Donald Trump's administration is making yet more anti-transgender moves, now telling the Supreme Court that it's OK to discriminate on the basis of gender identity.
Solicitor General Noel Francisco, whose position is part of the Department of Justice, submitted a brief to that effect with the court Wednesday, Bloomberg News reports.
The high court is deciding whether to hear a case involving a Michigan funeral home employee, Aimee Stephens, who was fired because she is transgender. In March, a three-judge panel of the U.S. Court of Appeals for the Sixth Circuit ruled that not only is discrimination against trans people sex discrimination, which is banned by federal law, but that Stephens's employer, R.G. & G.R. Harris Funeral Homes, did not deserve an exemption from the law because of its owner's religious beliefs regarding gender.
The appeals court reversed the trial court's ruling, which had found in favor of an exemption, and sent the case back to the trial court for further consideration. But the company, represented by the anti-LGBTQ Alliance Defending Freedom, wants the Supreme Court to hear it instead, and it contends the appeals court's ruling is wrong.
The Trump administration, as represented by Francisco, agrees. "The court of appeals misread the statute and this Court's decisions in concluding that Title VII encompasses discrimination on the basis of gender identity," Francisco said in the brief. Title VII is the section of the Civil Rights Act of 1964 that bans sex discrimination.

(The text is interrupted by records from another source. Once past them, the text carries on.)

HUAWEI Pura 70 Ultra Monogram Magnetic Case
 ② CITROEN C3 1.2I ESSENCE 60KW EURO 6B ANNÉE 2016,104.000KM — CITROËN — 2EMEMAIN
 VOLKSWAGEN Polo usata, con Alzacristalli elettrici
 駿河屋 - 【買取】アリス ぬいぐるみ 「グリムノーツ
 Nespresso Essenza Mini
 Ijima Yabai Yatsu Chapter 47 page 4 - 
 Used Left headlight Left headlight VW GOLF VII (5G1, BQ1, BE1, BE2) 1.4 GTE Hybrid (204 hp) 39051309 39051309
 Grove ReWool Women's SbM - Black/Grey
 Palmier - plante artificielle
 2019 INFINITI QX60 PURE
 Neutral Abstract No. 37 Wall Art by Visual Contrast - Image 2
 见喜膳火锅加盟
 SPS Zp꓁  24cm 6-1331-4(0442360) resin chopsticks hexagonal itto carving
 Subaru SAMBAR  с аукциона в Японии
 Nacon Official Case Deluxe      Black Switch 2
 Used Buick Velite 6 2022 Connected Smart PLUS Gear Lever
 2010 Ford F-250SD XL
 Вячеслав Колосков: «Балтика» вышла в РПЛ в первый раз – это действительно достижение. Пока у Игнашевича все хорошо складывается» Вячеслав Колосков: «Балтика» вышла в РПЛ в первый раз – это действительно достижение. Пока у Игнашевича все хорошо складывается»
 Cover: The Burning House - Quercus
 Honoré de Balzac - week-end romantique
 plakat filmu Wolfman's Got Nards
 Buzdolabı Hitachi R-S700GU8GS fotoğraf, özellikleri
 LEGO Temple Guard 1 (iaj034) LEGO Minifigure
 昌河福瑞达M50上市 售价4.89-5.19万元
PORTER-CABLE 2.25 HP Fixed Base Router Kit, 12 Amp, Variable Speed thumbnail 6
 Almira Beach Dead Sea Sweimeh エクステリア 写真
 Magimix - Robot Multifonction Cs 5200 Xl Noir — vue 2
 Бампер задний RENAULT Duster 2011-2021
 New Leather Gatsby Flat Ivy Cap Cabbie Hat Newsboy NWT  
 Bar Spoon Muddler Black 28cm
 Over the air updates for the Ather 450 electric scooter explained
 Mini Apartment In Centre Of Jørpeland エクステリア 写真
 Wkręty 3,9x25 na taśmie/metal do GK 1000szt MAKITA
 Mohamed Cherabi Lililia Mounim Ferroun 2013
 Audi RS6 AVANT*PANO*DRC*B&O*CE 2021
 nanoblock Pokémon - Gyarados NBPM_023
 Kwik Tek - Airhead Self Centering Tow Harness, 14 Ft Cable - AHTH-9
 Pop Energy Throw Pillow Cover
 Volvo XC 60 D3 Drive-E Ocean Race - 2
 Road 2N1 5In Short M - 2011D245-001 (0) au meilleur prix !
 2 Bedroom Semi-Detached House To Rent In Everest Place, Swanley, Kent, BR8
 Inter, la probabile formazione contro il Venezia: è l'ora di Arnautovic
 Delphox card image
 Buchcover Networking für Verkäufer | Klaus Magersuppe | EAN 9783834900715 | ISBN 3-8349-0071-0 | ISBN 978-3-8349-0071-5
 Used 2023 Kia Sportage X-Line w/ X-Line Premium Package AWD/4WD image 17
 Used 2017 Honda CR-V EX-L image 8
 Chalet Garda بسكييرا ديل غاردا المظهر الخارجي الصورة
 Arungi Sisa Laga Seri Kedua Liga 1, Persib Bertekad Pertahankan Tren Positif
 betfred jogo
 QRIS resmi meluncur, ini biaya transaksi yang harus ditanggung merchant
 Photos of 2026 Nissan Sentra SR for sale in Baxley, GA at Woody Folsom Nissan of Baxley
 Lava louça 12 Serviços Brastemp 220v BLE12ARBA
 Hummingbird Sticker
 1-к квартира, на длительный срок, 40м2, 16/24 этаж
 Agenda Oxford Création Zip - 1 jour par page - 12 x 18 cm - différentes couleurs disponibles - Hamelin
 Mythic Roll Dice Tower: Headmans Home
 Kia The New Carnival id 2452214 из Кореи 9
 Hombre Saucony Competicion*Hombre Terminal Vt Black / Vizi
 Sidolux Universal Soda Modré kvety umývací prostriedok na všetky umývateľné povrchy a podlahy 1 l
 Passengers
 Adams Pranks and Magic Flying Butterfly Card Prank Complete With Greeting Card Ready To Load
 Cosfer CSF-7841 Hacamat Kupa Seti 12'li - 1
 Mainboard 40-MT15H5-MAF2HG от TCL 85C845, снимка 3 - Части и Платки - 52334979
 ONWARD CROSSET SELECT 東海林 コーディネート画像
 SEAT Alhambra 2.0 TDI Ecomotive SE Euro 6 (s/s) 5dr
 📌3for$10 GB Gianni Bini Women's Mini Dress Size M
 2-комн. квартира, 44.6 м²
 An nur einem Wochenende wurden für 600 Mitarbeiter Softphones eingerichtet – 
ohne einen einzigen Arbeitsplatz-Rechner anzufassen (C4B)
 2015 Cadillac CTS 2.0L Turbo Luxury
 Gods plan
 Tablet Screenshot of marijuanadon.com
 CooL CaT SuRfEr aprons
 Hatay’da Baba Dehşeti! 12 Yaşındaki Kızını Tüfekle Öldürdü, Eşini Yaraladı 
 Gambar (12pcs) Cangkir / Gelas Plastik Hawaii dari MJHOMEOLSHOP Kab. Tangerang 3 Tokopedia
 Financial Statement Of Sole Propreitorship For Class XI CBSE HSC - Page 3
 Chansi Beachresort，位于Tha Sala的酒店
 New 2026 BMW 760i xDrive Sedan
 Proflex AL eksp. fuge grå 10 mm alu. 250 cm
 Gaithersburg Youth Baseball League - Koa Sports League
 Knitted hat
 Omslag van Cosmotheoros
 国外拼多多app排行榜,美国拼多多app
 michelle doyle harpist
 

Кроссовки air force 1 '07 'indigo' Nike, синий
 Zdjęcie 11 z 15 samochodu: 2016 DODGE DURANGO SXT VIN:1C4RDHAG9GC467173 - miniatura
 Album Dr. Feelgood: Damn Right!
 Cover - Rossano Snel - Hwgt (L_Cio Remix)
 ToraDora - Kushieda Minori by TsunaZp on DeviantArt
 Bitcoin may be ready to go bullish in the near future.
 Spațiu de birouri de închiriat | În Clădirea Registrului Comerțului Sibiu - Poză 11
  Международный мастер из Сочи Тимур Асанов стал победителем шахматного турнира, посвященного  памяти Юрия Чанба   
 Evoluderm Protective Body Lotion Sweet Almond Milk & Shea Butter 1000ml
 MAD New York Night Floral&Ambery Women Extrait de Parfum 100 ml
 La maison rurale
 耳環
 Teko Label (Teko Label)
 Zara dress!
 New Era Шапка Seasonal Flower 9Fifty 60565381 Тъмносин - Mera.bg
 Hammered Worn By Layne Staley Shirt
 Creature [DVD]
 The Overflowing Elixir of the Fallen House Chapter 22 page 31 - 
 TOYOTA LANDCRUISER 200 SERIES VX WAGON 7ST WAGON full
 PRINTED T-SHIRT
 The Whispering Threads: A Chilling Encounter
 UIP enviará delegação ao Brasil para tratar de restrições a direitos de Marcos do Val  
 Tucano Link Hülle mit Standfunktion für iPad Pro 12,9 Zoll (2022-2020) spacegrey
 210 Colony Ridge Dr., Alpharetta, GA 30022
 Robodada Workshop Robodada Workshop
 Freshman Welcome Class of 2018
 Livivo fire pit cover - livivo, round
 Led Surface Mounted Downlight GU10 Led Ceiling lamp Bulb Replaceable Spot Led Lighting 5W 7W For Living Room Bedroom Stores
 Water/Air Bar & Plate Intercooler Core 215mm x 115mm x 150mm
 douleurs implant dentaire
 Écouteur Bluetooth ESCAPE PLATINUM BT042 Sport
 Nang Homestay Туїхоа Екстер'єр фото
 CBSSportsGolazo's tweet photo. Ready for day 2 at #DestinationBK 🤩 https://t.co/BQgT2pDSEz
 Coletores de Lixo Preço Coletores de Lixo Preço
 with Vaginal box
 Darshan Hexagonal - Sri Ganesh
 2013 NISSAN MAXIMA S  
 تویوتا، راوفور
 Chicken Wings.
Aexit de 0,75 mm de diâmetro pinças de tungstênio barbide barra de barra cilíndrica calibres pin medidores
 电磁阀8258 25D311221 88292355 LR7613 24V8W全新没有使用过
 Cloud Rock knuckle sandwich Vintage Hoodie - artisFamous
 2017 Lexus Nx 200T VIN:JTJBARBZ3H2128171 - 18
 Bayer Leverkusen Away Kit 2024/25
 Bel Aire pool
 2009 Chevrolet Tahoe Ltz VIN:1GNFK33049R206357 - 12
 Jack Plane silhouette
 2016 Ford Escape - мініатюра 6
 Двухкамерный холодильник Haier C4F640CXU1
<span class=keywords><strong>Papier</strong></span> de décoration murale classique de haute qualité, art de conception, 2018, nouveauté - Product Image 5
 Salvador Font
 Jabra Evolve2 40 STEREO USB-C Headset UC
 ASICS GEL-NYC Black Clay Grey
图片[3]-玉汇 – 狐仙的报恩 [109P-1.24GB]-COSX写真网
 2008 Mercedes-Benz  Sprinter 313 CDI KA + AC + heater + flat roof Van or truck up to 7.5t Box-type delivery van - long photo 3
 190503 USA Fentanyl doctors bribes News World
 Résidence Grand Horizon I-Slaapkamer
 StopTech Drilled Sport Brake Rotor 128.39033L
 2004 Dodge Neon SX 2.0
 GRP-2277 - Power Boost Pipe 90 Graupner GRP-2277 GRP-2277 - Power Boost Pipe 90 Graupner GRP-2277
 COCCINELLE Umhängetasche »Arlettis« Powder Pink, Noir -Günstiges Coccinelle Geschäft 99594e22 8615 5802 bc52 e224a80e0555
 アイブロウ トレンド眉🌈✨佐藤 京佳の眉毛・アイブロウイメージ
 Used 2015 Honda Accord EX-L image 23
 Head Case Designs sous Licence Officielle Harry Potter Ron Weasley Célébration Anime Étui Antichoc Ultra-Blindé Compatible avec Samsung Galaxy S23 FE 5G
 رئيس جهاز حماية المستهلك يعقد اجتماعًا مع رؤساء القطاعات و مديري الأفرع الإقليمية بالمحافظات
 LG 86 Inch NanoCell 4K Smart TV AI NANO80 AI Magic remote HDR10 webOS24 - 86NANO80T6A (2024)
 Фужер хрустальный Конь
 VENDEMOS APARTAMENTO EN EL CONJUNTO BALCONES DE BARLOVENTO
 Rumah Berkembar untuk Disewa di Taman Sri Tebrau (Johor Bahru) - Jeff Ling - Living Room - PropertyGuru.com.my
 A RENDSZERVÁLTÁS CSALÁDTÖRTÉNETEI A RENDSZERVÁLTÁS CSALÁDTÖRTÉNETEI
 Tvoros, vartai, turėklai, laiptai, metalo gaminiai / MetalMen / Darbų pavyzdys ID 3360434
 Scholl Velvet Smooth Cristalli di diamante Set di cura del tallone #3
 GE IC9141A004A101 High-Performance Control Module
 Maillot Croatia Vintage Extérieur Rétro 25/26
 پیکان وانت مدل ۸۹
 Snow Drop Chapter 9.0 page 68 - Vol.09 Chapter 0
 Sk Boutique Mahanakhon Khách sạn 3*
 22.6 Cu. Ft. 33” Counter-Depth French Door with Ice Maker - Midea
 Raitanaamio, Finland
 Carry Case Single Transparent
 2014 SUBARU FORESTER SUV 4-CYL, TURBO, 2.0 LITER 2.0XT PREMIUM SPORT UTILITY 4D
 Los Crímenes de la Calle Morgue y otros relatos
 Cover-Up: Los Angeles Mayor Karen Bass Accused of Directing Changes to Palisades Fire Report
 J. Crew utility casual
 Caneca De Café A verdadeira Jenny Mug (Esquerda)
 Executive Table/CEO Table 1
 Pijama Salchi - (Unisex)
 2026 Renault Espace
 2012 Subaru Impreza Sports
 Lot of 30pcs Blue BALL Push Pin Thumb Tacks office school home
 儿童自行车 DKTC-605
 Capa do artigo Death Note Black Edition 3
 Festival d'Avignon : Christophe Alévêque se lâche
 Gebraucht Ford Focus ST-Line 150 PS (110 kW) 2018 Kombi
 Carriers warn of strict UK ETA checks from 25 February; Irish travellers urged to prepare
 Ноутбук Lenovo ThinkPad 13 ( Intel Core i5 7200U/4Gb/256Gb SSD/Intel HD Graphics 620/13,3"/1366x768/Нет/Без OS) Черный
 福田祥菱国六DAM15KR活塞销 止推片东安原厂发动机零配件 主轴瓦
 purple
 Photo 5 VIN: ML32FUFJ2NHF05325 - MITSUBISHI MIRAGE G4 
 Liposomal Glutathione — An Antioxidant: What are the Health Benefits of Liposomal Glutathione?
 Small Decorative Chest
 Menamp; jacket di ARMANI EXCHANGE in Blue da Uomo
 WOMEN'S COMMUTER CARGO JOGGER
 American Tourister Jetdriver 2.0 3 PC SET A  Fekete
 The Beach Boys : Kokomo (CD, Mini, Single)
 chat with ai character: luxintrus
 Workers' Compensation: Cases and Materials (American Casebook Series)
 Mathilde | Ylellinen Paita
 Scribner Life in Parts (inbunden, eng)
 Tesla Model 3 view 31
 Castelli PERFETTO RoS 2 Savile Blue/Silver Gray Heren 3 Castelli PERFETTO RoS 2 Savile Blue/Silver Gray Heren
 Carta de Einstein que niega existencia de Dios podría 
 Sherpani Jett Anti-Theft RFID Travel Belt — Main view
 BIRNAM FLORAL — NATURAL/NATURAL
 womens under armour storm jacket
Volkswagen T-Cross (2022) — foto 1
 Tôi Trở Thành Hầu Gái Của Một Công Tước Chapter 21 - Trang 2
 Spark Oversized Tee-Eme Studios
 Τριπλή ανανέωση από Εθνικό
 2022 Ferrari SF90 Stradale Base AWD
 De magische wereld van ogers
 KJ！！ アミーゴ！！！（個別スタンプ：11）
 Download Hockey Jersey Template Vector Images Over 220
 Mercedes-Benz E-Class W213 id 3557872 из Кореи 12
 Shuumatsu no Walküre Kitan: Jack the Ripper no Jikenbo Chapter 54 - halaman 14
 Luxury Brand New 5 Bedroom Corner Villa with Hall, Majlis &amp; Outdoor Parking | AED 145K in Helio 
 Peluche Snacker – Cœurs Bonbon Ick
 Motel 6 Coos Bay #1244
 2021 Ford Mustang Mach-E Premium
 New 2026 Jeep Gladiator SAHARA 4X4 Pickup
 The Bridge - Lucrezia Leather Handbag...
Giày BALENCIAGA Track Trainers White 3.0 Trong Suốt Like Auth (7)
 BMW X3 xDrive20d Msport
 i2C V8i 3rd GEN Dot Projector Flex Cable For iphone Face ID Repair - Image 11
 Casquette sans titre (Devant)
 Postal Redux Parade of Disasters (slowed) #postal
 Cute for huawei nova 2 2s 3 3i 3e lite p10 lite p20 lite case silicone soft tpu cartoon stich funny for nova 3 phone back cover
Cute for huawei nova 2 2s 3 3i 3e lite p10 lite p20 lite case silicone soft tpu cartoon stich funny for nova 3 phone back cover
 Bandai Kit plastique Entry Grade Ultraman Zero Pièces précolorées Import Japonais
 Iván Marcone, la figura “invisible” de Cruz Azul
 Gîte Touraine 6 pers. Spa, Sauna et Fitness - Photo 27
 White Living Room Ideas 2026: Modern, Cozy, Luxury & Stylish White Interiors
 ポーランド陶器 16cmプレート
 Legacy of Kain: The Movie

Another agency of the federal government, the Equal Employment Opportunity Commission, which is quasi-independent, had sued the funeral home operator on Stephens' behalf. The Justice Department, however, has the sole authority to represent the federal government before the Supreme Court.
Francisco represented the federal government in the Masterpiece Cakeshop case, in which the Colorado Civil Rights Commission and that state's courts found that a bakery owner who refused to create a wedding cake for a same-sex couple violated the state's antidiscrimination law. Francisco argued for the baker, saying the baker had the right of refusal based on his religious beliefs and freedom of expression. The baker won a qualified victory at the Supreme Court, which said the commission had shown insufficient respect for his religious beliefs, but it did not create a broad right to discriminate.
The Justice Department has also argued that Title VII does not ban sexual orientation discrimination. The Supreme Court has been asked to review two cases involving men who say they were fired for being gay, one a New York skydiving instructor, the other a Georgia social worker. As with Stephens's case, the justices have yet to say if they will hear these.
Francisco's brief is in keeping with other recent anti-transgender moves by the Trump administration. These include a memo arguing that another federal law against sex discrimination, Title IX of the Education Amendments of 1972, does not apply to gender identity; indeed, the memo proposes defining gender as binary and fixed at birth, which would endanger rights and recognition for transgender, intersex, and gender-nonconforming people. U.S. diplomats are also arguing for an exclusionary approach to gender at the United Nations.